5x BMO Rewards on dining, groceries, gas, and drugstores plus a $50 lifestyle credit — does the BMO eclipse beat the Amex Cobalt for everyday spending? Updated March 2025.
| Category | Earn Rate |
|---|---|
| Dining (restaurants, food delivery, bars) | 5x BMO Rewards points |
| Grocery stores | 5x BMO Rewards points |
| Gas stations | 5x BMO Rewards points |
| Drug stores | 5x BMO Rewards points |
| All other purchases | 1x BMO Rewards points |
The 5x earn rate across four major spending categories is the card's headline feature. BMO Rewards points are worth approximately 0.67 cents each when redeemed for travel (via the BMO Rewards Travel Portal), making the effective cash-back equivalent roughly 3.35% on the 5x categories — very competitive.
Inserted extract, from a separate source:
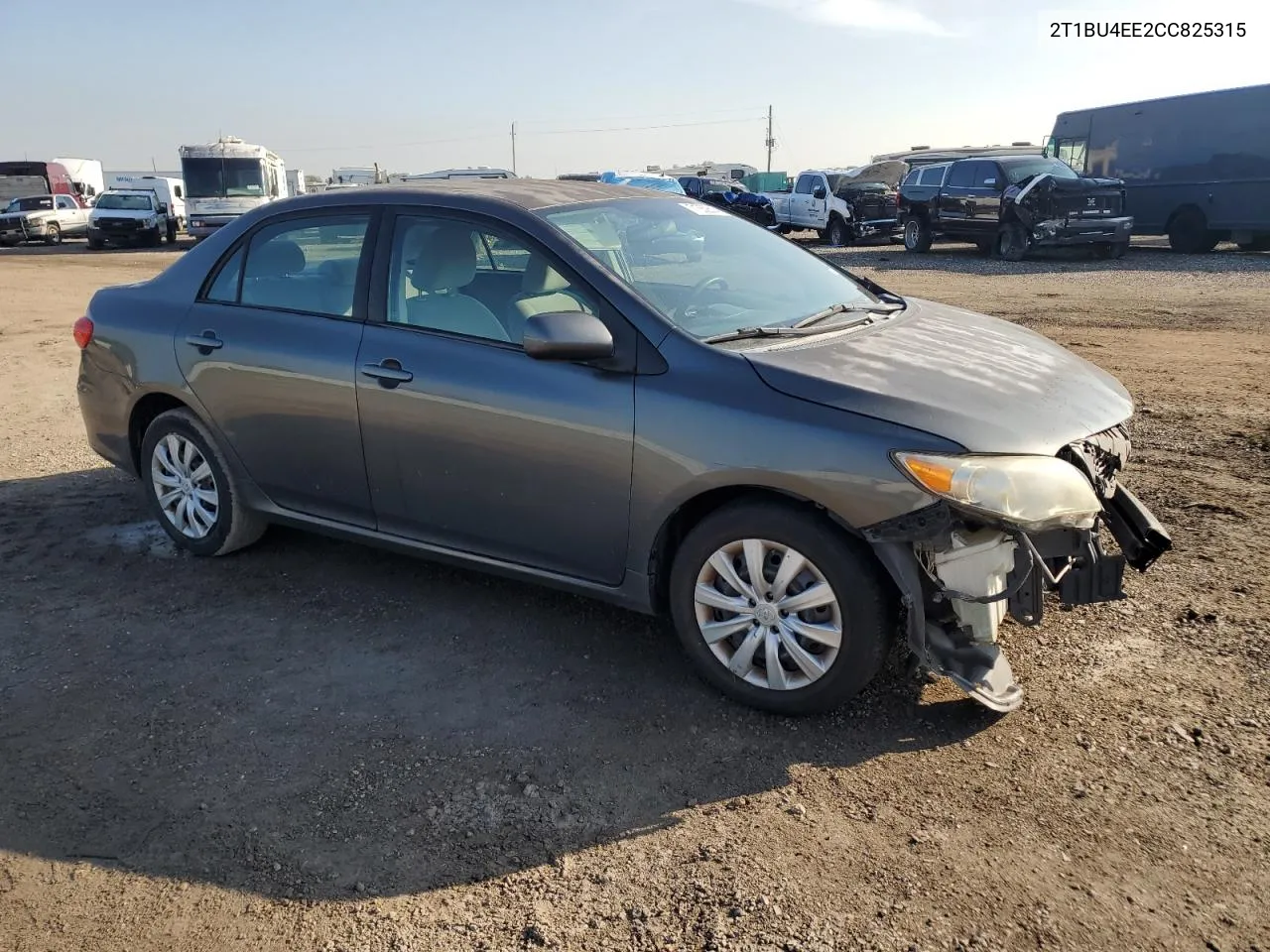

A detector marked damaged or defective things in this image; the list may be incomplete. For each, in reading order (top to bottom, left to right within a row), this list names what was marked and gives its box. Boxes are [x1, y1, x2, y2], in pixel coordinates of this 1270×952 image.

The BMO eclipse Visa Infinite includes a $50 annual lifestyle credit — automatically applied when you purchase eligible eligible items. This credit effectively reduces the net annual fee from $120 to $70 for most cardholders, changing the value equation significantly.
At a net cost of $70/year, the card needs to generate just $70 more in rewards value than a free card to justify the fee. Given 5x earning on groceries and dining, most moderate spenders surpass this in the first 2–3 months.
BMO Rewards points cannot be transferred to airline programs, which is the key disadvantage vs. Amex Cobalt. However, for Canadians who simply want to reduce travel costs without learning complex loyalty programs, the fixed portal redemption is refreshingly simple.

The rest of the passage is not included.